Exercise description:
Could you print every record exactly as it stands?

[Record excerpts — start]

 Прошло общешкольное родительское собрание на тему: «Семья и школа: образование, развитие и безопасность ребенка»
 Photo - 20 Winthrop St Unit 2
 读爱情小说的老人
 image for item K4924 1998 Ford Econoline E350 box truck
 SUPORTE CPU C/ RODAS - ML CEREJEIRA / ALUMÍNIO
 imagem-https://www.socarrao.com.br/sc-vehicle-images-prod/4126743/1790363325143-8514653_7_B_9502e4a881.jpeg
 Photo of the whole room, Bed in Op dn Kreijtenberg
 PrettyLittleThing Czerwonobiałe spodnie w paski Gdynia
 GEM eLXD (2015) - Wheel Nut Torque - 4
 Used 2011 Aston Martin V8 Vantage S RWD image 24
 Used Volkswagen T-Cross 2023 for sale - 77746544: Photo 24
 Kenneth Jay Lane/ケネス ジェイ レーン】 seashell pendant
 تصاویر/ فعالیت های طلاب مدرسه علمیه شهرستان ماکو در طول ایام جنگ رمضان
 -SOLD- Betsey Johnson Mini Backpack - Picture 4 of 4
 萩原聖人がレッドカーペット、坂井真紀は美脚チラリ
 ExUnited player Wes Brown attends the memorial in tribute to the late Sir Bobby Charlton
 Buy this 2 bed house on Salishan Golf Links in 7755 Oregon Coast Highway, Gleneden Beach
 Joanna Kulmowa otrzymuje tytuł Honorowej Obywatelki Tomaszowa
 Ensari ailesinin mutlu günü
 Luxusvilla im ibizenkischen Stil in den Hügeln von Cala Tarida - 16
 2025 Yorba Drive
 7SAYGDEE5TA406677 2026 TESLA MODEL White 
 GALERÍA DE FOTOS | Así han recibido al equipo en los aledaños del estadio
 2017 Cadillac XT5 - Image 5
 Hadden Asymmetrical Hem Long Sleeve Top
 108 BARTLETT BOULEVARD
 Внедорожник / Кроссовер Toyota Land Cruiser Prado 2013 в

[Record excerpts — finish]

Response to this task:
 Прошло общешкольное родительское собрание на тему: «Семья и школа: образование, развитие и безопасность ребенка»
 Photo - 20 Winthrop St Unit 2
 读爱情小说的老人
 image for item K4924 1998 Ford Econoline E350 box truck
 SUPORTE CPU C/ RODAS - ML CEREJEIRA / ALUMÍNIO
 imagem-https://www.socarrao.com.br/sc-vehicle-images-prod/4126743/1790363325143-8514653_7_B_9502e4a881.jpeg
 Photo of the whole room, Bed in Op dn Kreijtenberg
 PrettyLittleThing Czerwonobiałe spodnie w paski Gdynia
 GEM eLXD (2015) - Wheel Nut Torque - 4
 Used 2011 Aston Martin V8 Vantage S RWD image 24
 Used Volkswagen T-Cross 2023 for sale - 77746544: Photo 24
 Kenneth Jay Lane/ケネス ジェイ レーン】 seashell pendant
 تصاویر/ فعالیت های طلاب مدرسه علمیه شهرستان ماکو در طول ایام جنگ رمضان
 -SOLD- Betsey Johnson Mini Backpack - Picture 4 of 4
 萩原聖人がレッドカーペット、坂井真紀は美脚チラリ
 ExUnited player Wes Brown attends the memorial in tribute to the late Sir Bobby Charlton
 Buy this 2 bed house on Salishan Golf Links in 7755 Oregon Coast Highway, Gleneden Beach
 Joanna Kulmowa otrzymuje tytuł Honorowej Obywatelki Tomaszowa
 Ensari ailesinin mutlu günü
 Luxusvilla im ibizenkischen Stil in den Hügeln von Cala Tarida - 16
 2025 Yorba Drive
 7SAYGDEE5TA406677 2026 TESLA MODEL White 
 GALERÍA DE FOTOS | Así han recibido al equipo en los aledaños del estadio
 2017 Cadillac XT5 - Image 5
 Hadden Asymmetrical Hem Long Sleeve Top
 108 BARTLETT BOULEVARD
 Внедорожник / Кроссовер Toyota Land Cruiser Prado 2013 в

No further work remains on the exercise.